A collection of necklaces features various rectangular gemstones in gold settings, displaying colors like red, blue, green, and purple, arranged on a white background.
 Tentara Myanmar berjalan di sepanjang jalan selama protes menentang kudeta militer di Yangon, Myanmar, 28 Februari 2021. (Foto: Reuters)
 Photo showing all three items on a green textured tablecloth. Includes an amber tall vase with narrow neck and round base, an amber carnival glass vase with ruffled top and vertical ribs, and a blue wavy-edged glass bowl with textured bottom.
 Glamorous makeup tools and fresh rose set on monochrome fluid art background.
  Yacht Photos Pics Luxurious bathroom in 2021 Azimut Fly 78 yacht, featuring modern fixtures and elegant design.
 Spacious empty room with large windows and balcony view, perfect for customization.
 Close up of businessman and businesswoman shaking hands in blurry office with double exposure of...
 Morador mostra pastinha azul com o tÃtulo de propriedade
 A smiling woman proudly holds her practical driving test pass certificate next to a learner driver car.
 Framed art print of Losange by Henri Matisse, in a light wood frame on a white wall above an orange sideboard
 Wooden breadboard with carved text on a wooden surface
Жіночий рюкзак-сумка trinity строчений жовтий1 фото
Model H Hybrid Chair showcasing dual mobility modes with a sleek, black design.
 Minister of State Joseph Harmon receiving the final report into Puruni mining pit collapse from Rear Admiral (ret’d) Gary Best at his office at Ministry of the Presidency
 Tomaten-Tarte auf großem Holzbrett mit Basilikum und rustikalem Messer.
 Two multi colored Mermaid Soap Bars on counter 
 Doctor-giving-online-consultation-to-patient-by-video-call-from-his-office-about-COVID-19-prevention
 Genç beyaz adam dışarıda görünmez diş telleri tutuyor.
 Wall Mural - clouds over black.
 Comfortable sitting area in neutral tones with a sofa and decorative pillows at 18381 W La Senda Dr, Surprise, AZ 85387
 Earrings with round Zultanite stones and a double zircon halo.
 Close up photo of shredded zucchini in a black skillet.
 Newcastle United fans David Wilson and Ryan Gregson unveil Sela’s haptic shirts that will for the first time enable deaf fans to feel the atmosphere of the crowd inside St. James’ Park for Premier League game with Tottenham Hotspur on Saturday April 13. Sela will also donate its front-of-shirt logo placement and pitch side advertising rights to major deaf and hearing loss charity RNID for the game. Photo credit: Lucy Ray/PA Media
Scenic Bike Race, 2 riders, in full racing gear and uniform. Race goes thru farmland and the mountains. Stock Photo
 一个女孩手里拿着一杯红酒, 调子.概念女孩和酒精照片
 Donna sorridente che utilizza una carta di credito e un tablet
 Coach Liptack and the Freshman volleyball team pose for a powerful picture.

_____

> TRY IT
Return each line of the data above that includes the word "background".

> ANSWER TO THIS PROBLEM
A collection of necklaces features various rectangular gemstones in gold settings, displaying colors like red, blue, green, and purple, arranged on a white background.
 Glamorous makeup tools and fresh rose set on monochrome fluid art background.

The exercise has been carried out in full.